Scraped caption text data
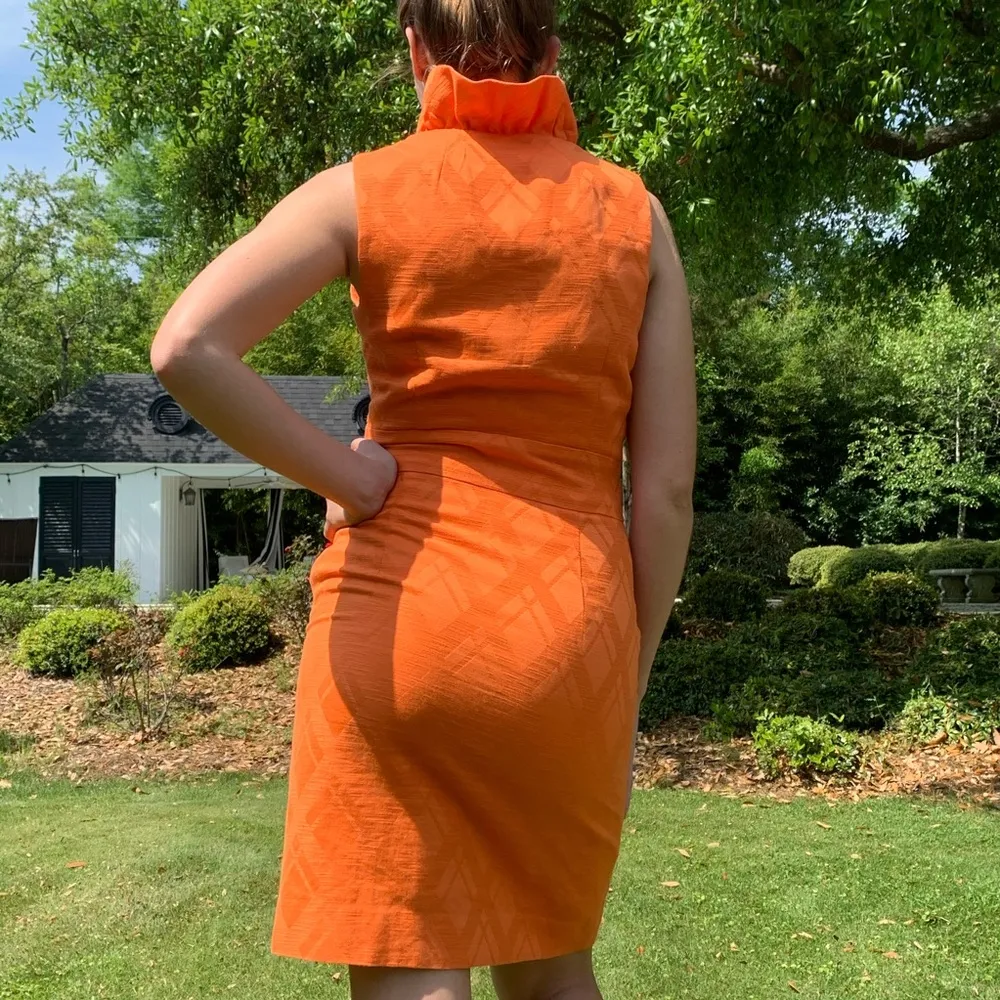 Milly of New York Orange Textured Ruffle Dress 6 - Image 5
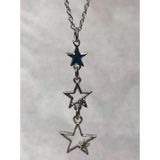 Star Yıldız 3 lü Gotik Gümüş Kolye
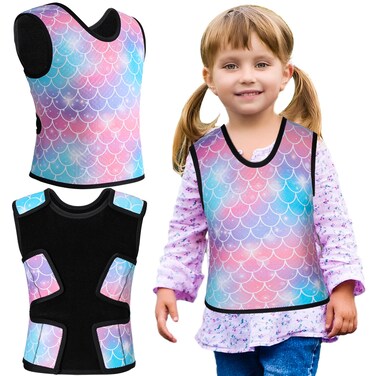 Janmercy Compression Vest Pressure Vest for Kids Breathable Deep Pressure Comfort for Pressure(Mermaid,S)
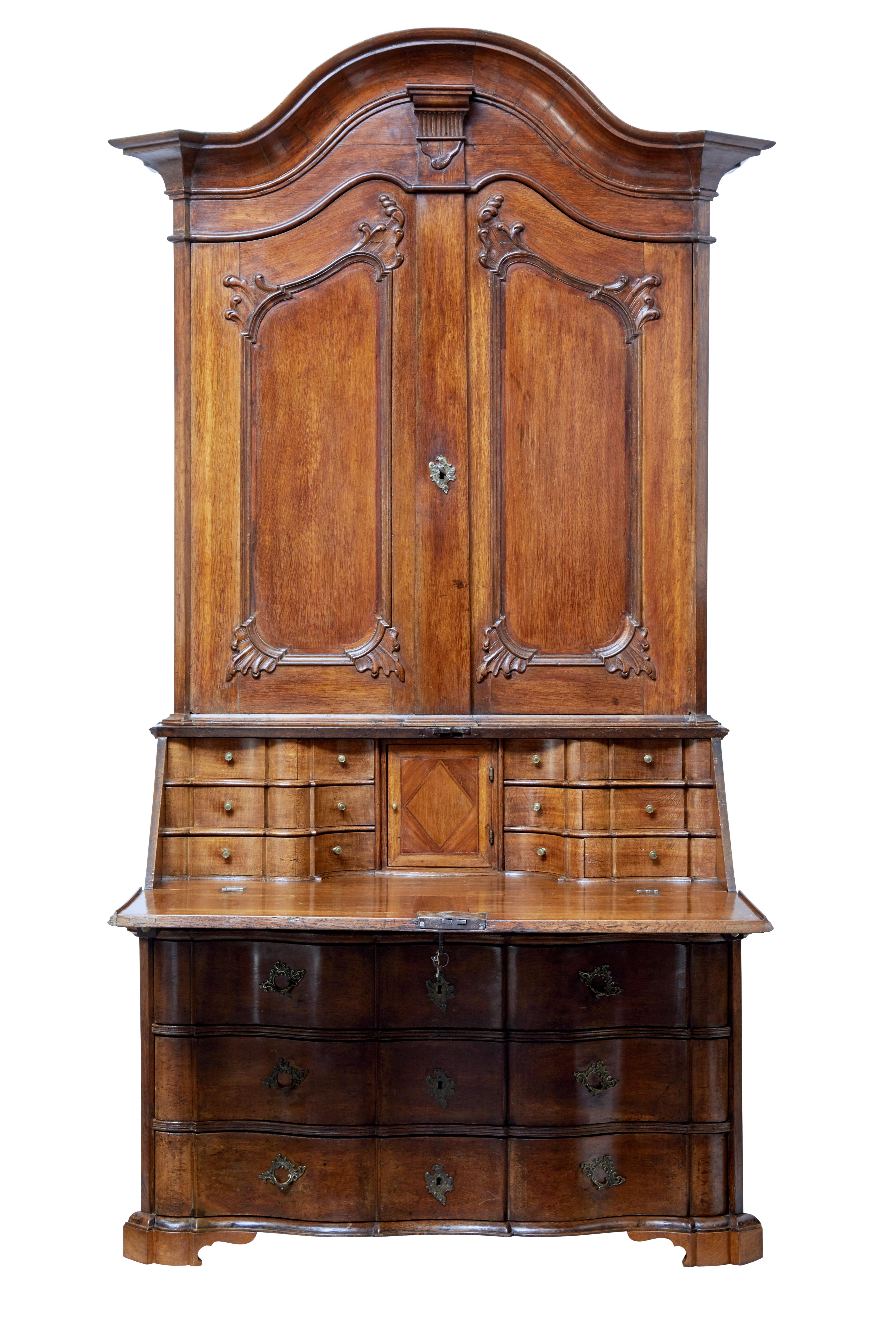 18th Century Norwegian Carved Oak Bureau Bookcase 1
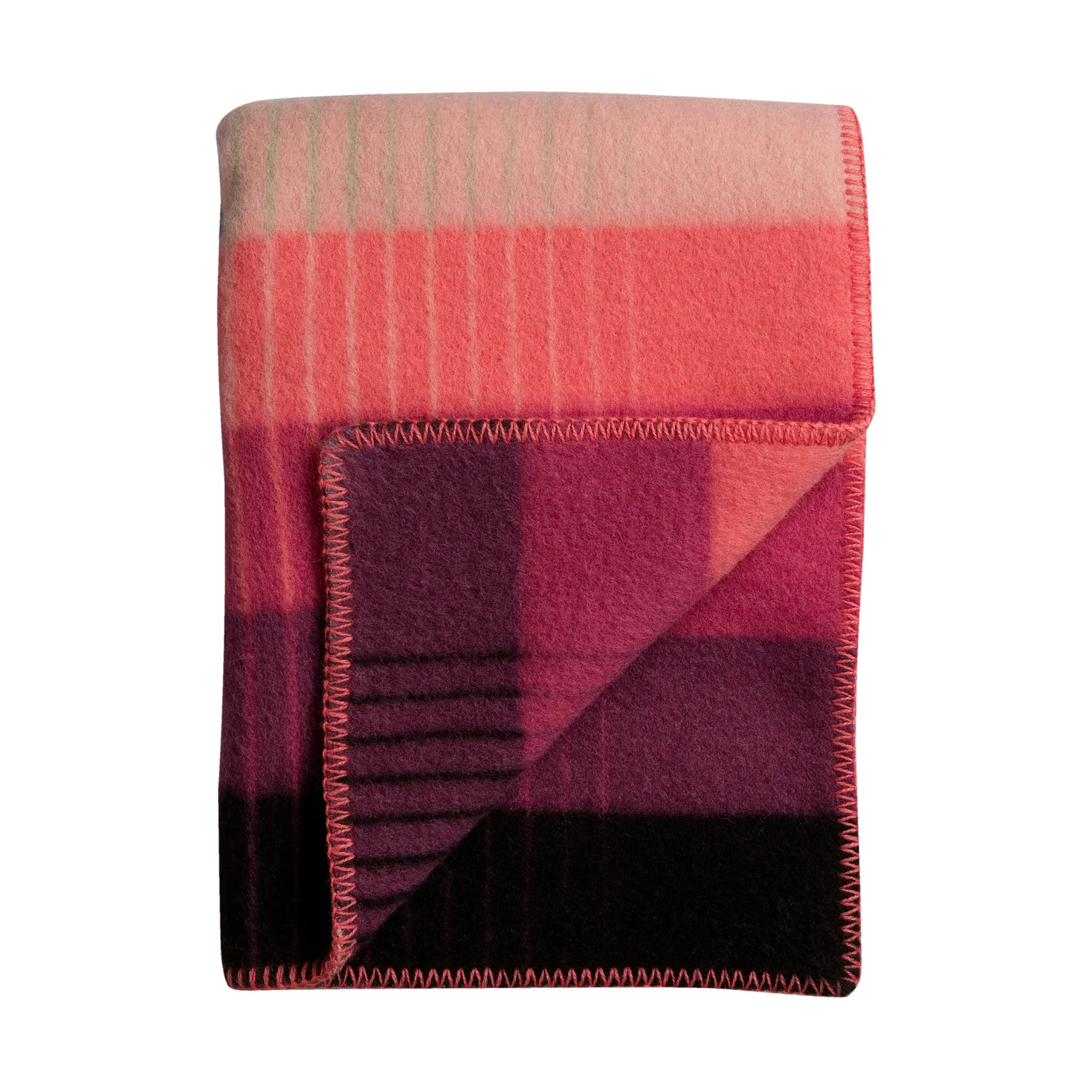Åsmund gradient filt 135x200 cm, Pink-green Røros Tweed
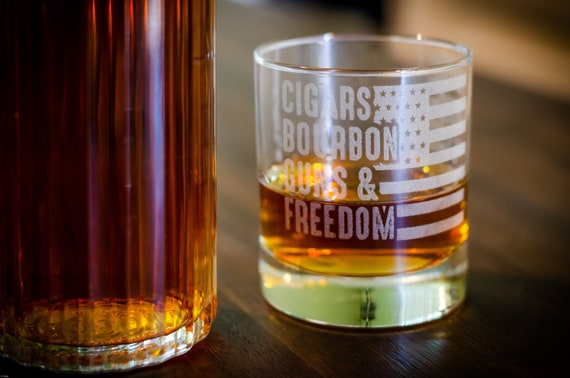 Personalized American Flag Bourbon Glass: Laser Engraved Whiskey Glass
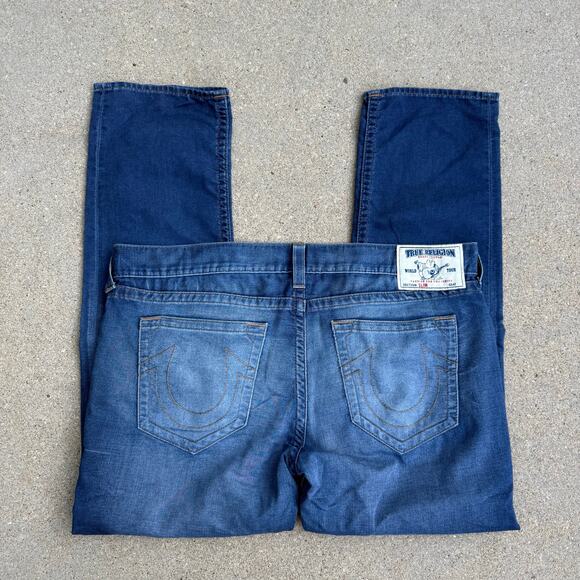 True Religion Slim Fit No Flap Pockets Denim Jeans 42 Dark Wash - Picture 1 of 10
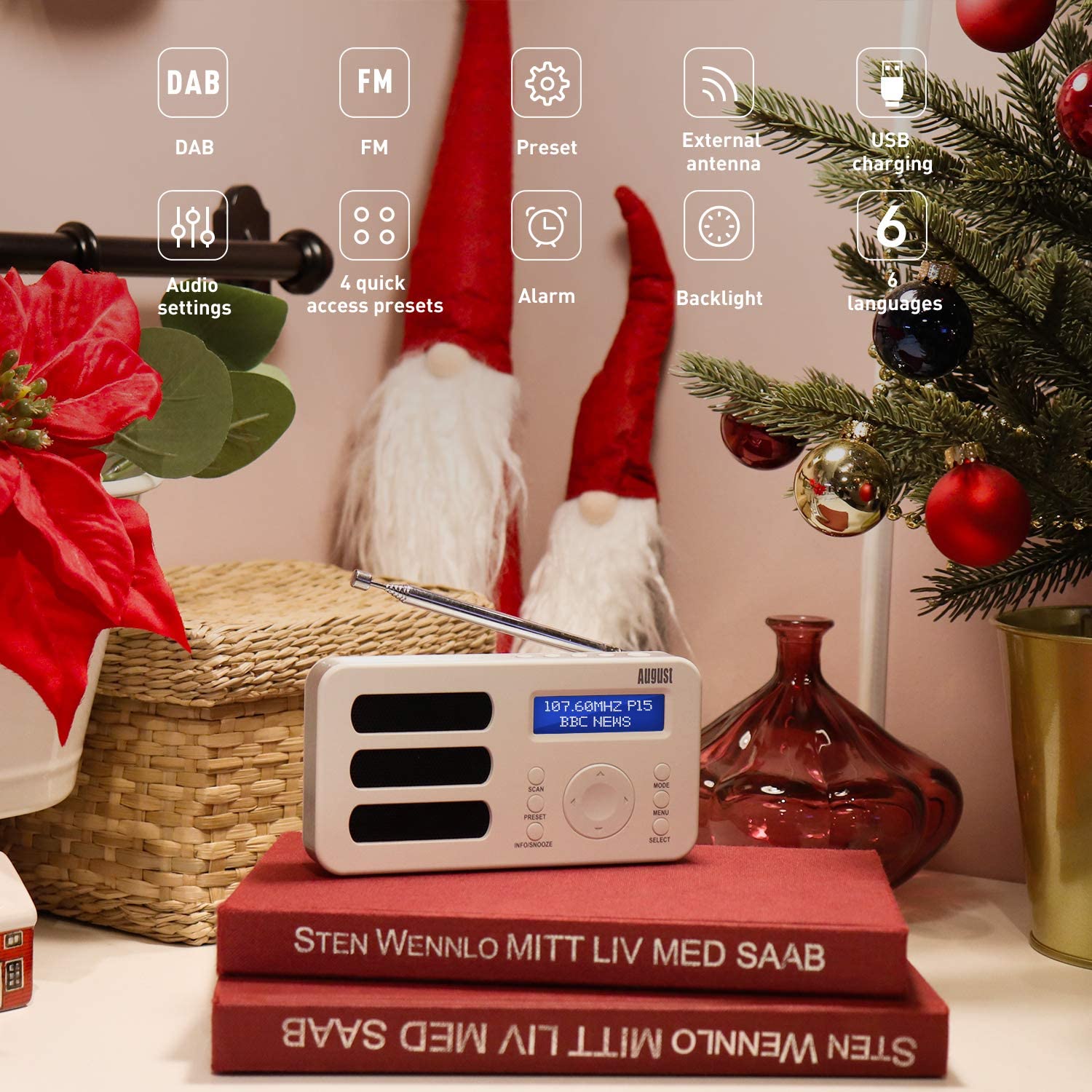 Portable Digital Radio August MB225 DAB/DAB +/FM R... – Vicedeal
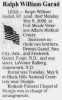 Ralph William Garad - Obituary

→ Work instruction: Give again, word for word, the lines from the one containing "Åsmund gradient filt" through the last line of the entries, with pictures omitted and nothing added.

→ Answer section:
Åsmund gradient filt 135x200 cm, Pink-green Røros Tweed
 Personalized American Flag Bourbon Glass: Laser Engraved Whiskey Glass
 True Religion Slim Fit No Flap Pockets Denim Jeans 42 Dark Wash - Picture 1 of 10
 Portable Digital Radio August MB225 DAB/DAB +/FM R... – Vicedeal
 Ralph William Garad - Obituary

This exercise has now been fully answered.